The mayor isn't king; he or she is a first among equals.
The mayor does not have the untrammelled right to hire and fire the civil service. But few city managers can function without the mayor's blessing and support.
The mayor isn't a power source, able to ignore or subvert the will of council. But he or she is the leader, walking a delicate balance.
And yet, in the issue of declaring the TTC an essential service – and a growing list of other matters at city hall – the mayor of Toronto seeks to overstep his traditional authority in subtle but significant ways.
The average Joe doesn't much care or take notice. He should. It's a whittling away of democracy, an erosion of processes that Mayor David Miller once professed to hold dear.
Look at the most contentious issues at Toronto city hall over the last 12 years – market value reassessment, dumping garbage in the Adams Mine in Kirkland Lake, or the imposition of a land transfer tax last fall – and the outcome is always better because of the open process that allows, in fact depends on, dissent.
That will change soon in Toronto, if Miller has his way. And it will be for the worse, even though most of us won't clue to it. In fact, Miller would implement the changes without debating them at council. He just plans to go to Queen's Park and get the new powers from his friend, Premier Dalton McGuinty.
Miller, the great man of the people, the one who ran on a platform of open government and transparency, has chosen to skirt such a process and embark on a political coup. He aims to politicize the bureaucracy under the guise of accountability. He plans to bolster his political hold on council by enshrining the right to hold secret meetings with his political allies on the powerful executive committee, which he unilaterally appoints and fires. And he wants it done without the input or vote of council.
"I don't want council to get bogged down in debates about governance," he said yesterday, with a straight face. That's right up there with Kim Campbell's retort that election time is no time for serious debate about public policy.
A few short years ago, most city hall observers would've concluded that any fears about the misuse of power rests not with the current mayor but with some future iron-fisted tyrant who might rise up and smash what we've built here. Miller, we thought, would be a benevolent dictator.
That view is not universally held anymore. And for good reason.
Two years ago, Councillor Cesar Palacio asked council to help make the TTC an essential service.
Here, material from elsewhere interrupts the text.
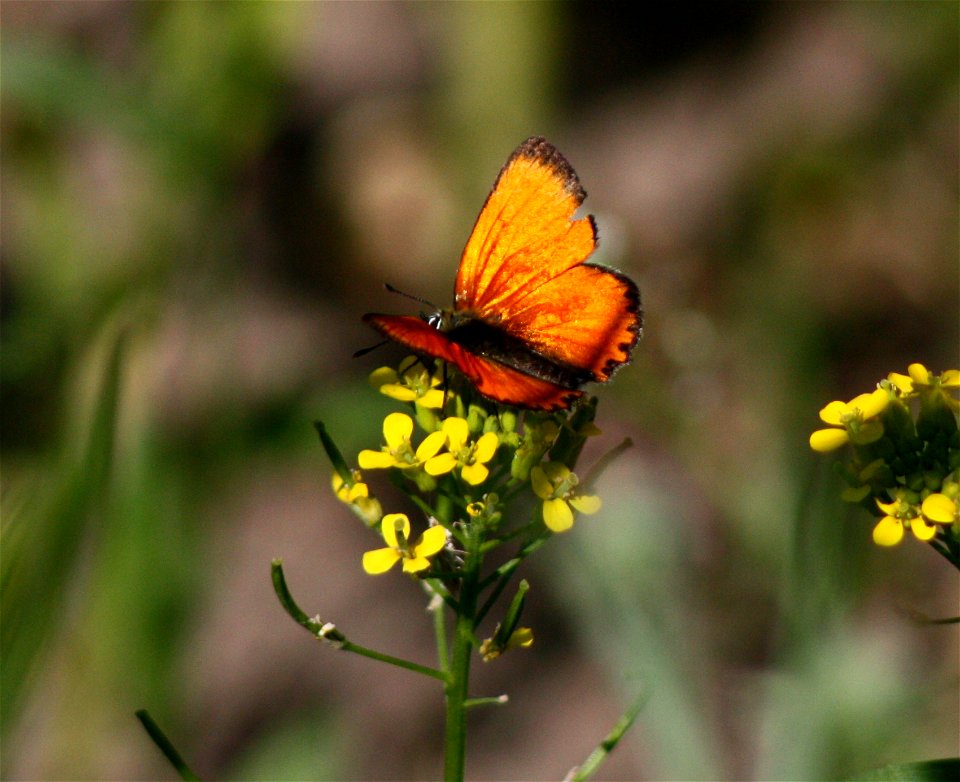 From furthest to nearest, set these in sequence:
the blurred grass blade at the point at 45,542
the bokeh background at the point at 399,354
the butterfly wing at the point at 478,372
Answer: the bokeh background at the point at 399,354 → the butterfly wing at the point at 478,372 → the blurred grass blade at the point at 45,542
Council sent it to the mayor-controlled executive committee where it languished until January 2007. Then it was buried with a procedural designation, "note and file."
Of course, now the issue is hot. Prescient Palacio had every right to say to council this week, "I told you so," and demand the matter be debated. But the mayor, through patronage appointments, controls 13 votes on the executive as well as several others through appointments to committees.
It's virtually impossible to get the two-thirds majority vote to overcome the mayor's obstructive designs. All Palacio was able to extract was a promise that this time Miller will not hide the proposal.
That's not the Toronto we've come to know. It's a future Toronto city council should debate.
Royson James usually appears Monday, Wednesday and Friday.